> Work instructions: Once the line containing "Close-up of the" is found, please copy it and all lines after it through the end of the records, exactly, leaving out pictures.

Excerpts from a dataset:
* * *
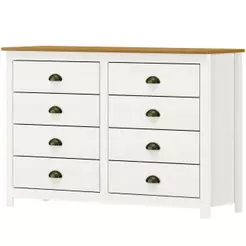 Comoda 8 Gavetas Madeira Maciça 125 Cm 9102 Branco Freijo Milani Store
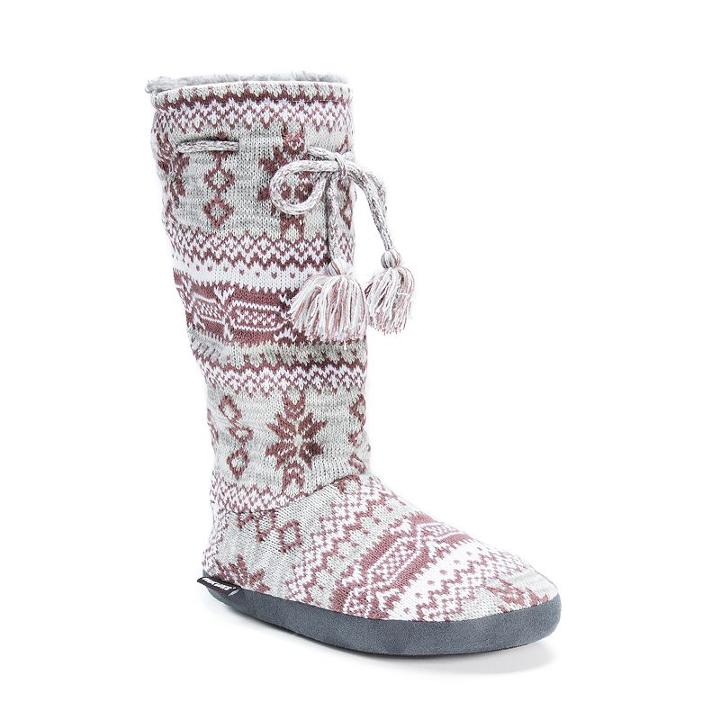 Muk Luks Women's Grace Tall Boot Slippers, Size: Large, Blue (navy)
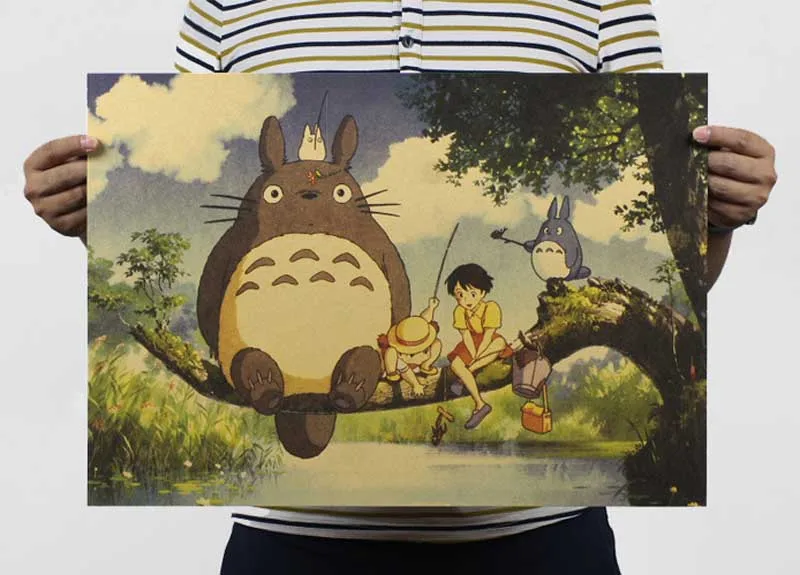 

Hayao miyazaki animation set My neighbor totoro adornment animated cartoon movie posters Posters paintings restoring ancient way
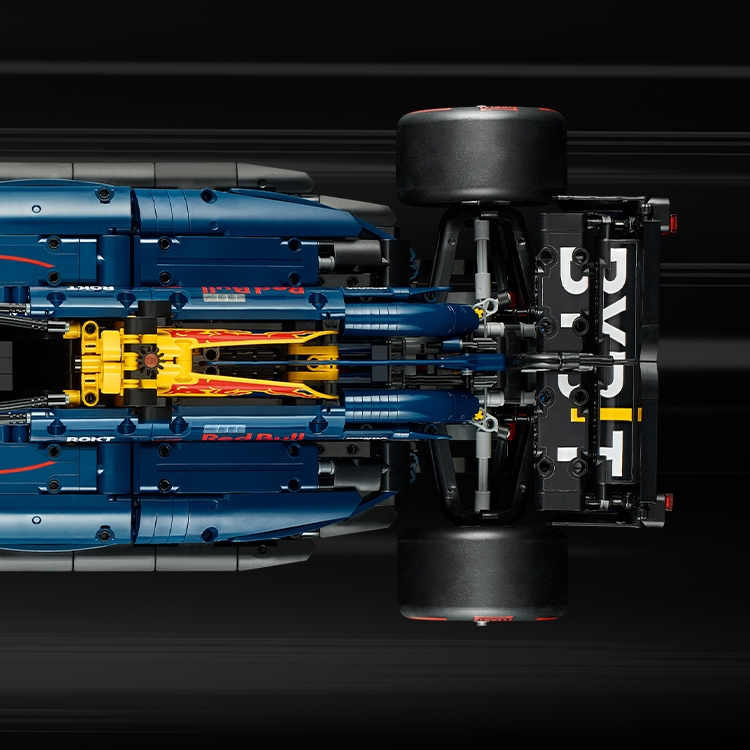 Vogelperspektive auf ein blaues LEGO Rennauto-Modell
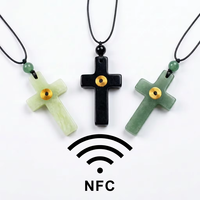 Pendentif intelligent NFC en pierres précieuses, bijoux intelligents NFC pour la lecture de versets bibliques et le partage de cartes de visite numériques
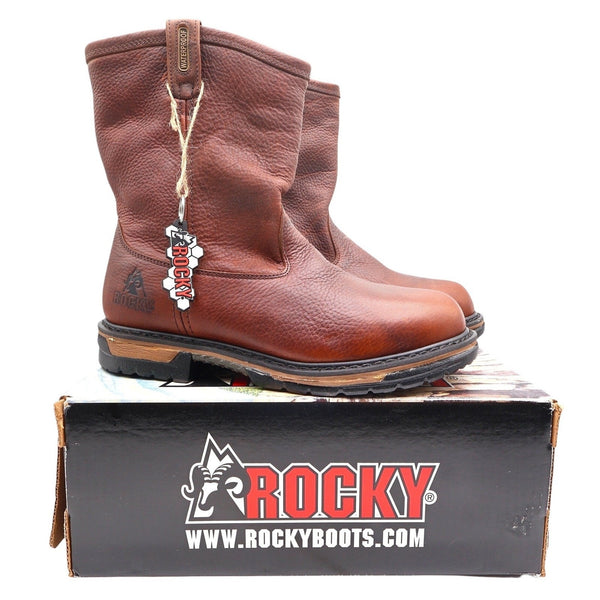 Rocky IronClad 5685 10-Inch Waterproof Pull-On Work Boots Men's 13M Brown NWT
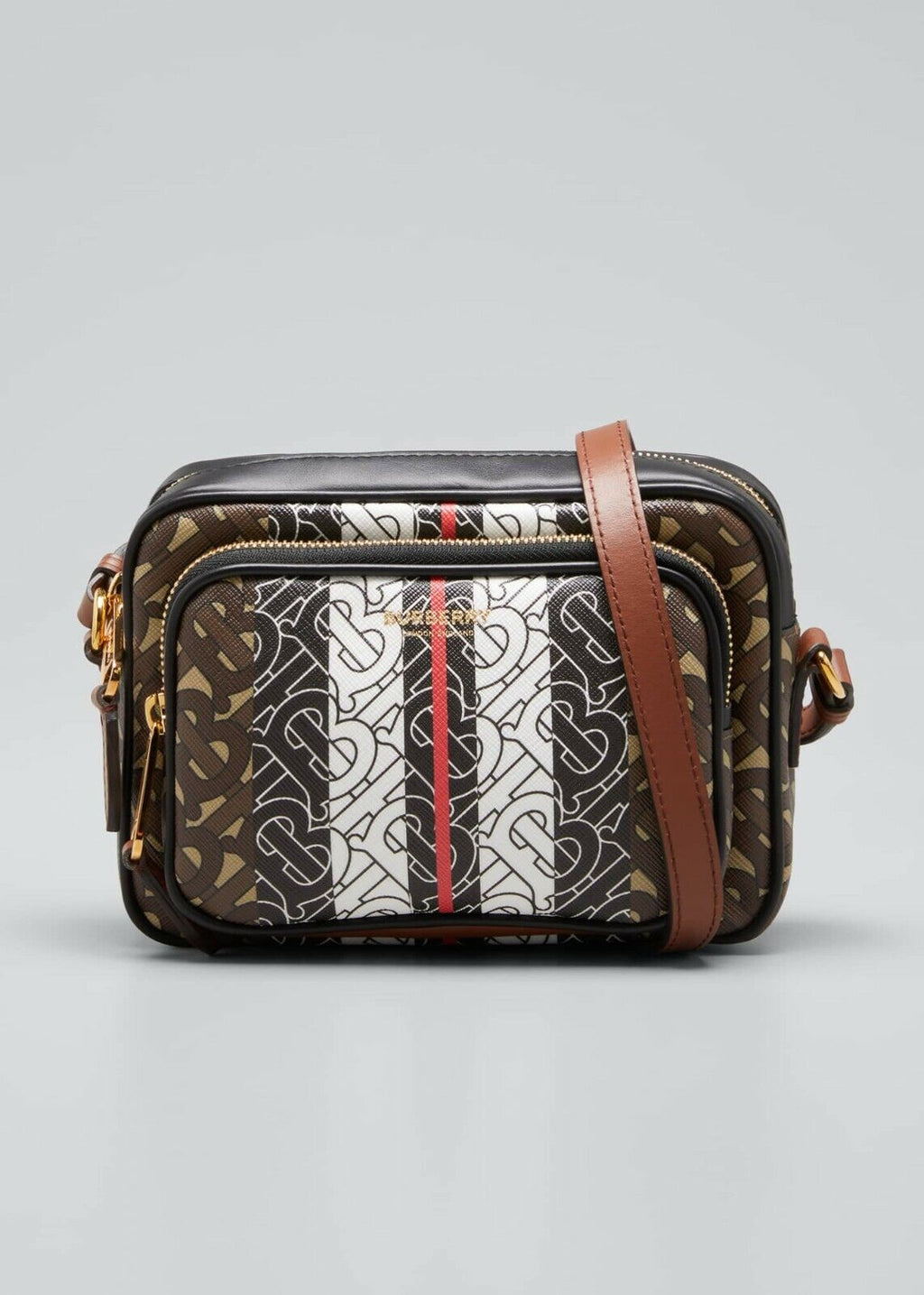 Burberry Small Handbag Black Brown Bridle Camera Zip Auth Leather Bag Italy NEW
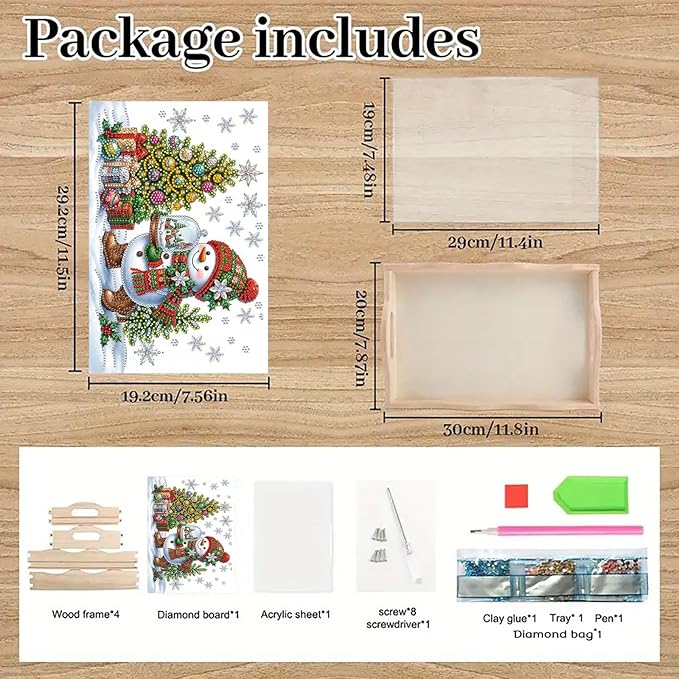 DIY Diamond Art Painting Serving Tray Creative Design Handmade Wooden Rectangular Snack Tray Dinner Plate Drill Craft for Coffee Living Room Home Organizer-Snowman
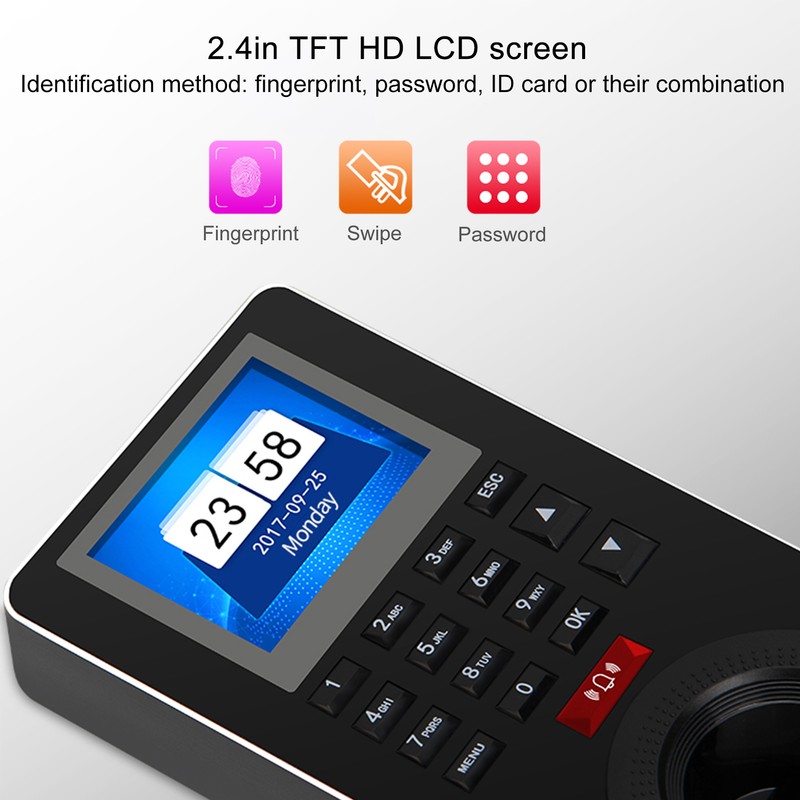 Door Access Control Password Fingerprint Card 125KHZ RFID TCP IP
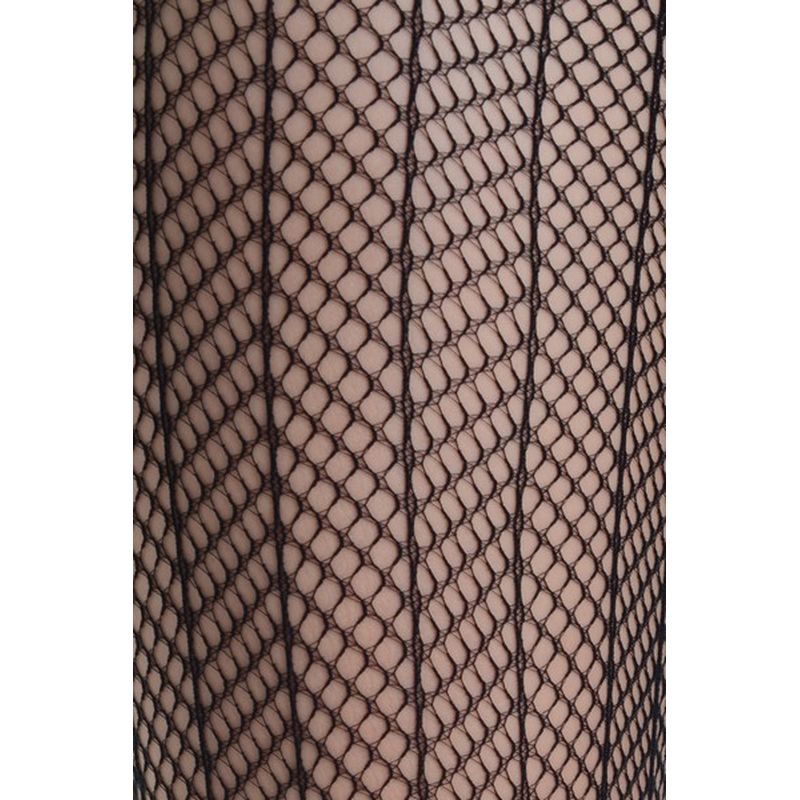 Close-up of the Sensual Arrow Mesh Tights Black showcasing the elegant arrow mesh pattern for a bold style.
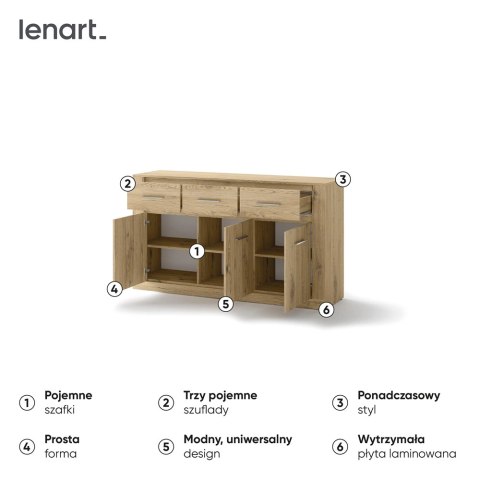 Komoda 3D3S 160 cm Idea ID-09 - san remo jasny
* * *
> Expected answer:
 Close-up of the Sensual Arrow Mesh Tights Black showcasing the elegant arrow mesh pattern for a bold style.
 Komoda 3D3S 160 cm Idea ID-09 - san remo jasny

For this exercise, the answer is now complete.